The members of the Corporate Governance Committee shall meet the independence requirements of the New York Stock Exchange. Trustees serving on the Corporate Governance Committee shall have sufficient knowledge and familiarity in the area of corporate governance practices and policies to discharge the duties and responsibilities of the Corporate Governance Committee.

The members of the Corporate Governance Committee shall be appointed annually by the Board. One of the members of the Corporate Governance Committee shall be designated by the Board to be Chair.

The Corporate Governance Committee shall meet as often as it determines, but not less frequently than three times per year.

Committee Authority and Responsibilities

The Corporate Governance Committee shall have the authority to delegate its responsibilities to subcommittees (consisting of one or more its members) as the Corporate Governance Committee sees fit.

The Corporate Governance Committee shall have the authority, to the extent it deems necessary or appropriate, to retain and terminate any search firm to be used to identify candidates for membership on the Board, and to retain consultants, outside counsel and other advisors. The Corporate Governance Committee or its Chair acting on behalf of the Corporate Governance Committee shall have sole authority to approve related fees and engagement terms.

The Corporate Governance Committee shall make regular reports to the Board. The Corporate Governance Committee shall maintain minutes of its meetings and provide copies of the minutes to the Board. The Corporate Governance Committee shall review and reassess the adequacy of this Charter annually and recommend any proposed changes to the Board for approval. The Corporate Governance Committee shall annually review its own performance and report its findings to the Board.

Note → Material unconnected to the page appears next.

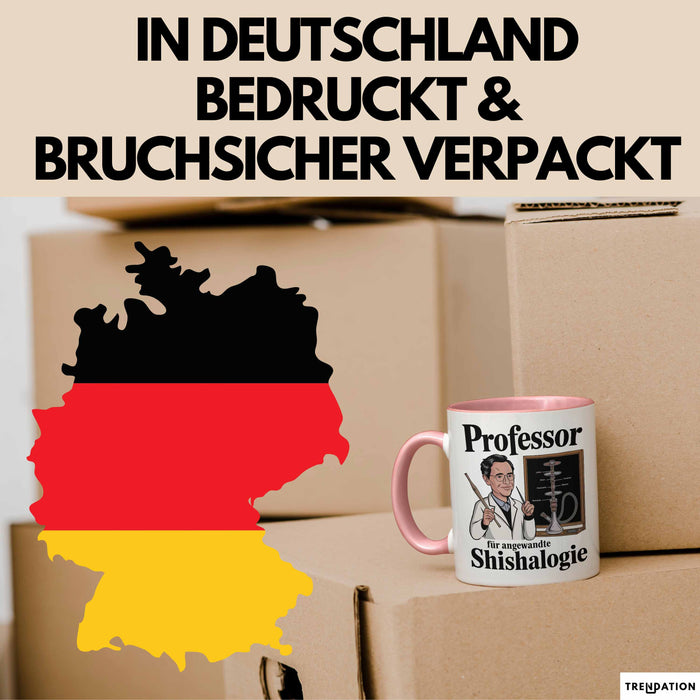 Shisha Liebhaber Tasse Professor Für Angewandten Shishalogie Rosa Trendation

The Corporate Governance Committee, as necessary or appropriate, shall:

  1. Develop and recommend to the Board for its approval a set of corporate governance guidelines. The Committee shall review the guidelines on an annual basis, or more frequently if appropriate, and recommend changes as necessary.
  2. Establish criteria, including required qualifications and experience, for Board candidates and for evaluating suitability of potential nominees proposed by management or shareholders.
  3. Prepare for recommendation to the Board a slate of Trustee candidates for submission to a vote of the Company's shareholders.
  4. Perform an annual examination of whether a Trustee qualifies as independent and make a recommendation on the findings of the Corporate Governance Committee to the Board.
  5. Review whether a Trustee's proposed membership on the Board or in management of a business enterprise would create a material relationship which would pose a conflict or impair such Trustee's independence, and consider resignations prompted by the Company's corporate governance guidelines and make recommendations to the Board concerning the acceptance or rejection of any such resignations.
  6. Annually recommend to the Board a member of the Board to serve as Lead Trustee.
  7. Annually recommend to the Board a member of the Board to serve as Chairman of the Board.
  8. Annually recommend to the Board for its approval individuals for election as officers of the Company.
  9. Periodically review the sufficiency of the charters of all committees of the Board, and the reports thereon of such committees, and report thereon to the Board with recommendations for any changes for approval by the Board.
  10. Recommend to the Board for its approval Trustees to serve as members of each committee. The Corporate Governance Committee shall review and recommend committee slates annually and shall recommend additional committee members to fill vacancies as needed.
  11. Conduct an annual evaluation of the Board and its committees by reviewing the effectiveness of Board and committee meetings, the desired subject matter and communication between the Board and the Company's management. The Corporate Governance Committee shall report its findings to the Board.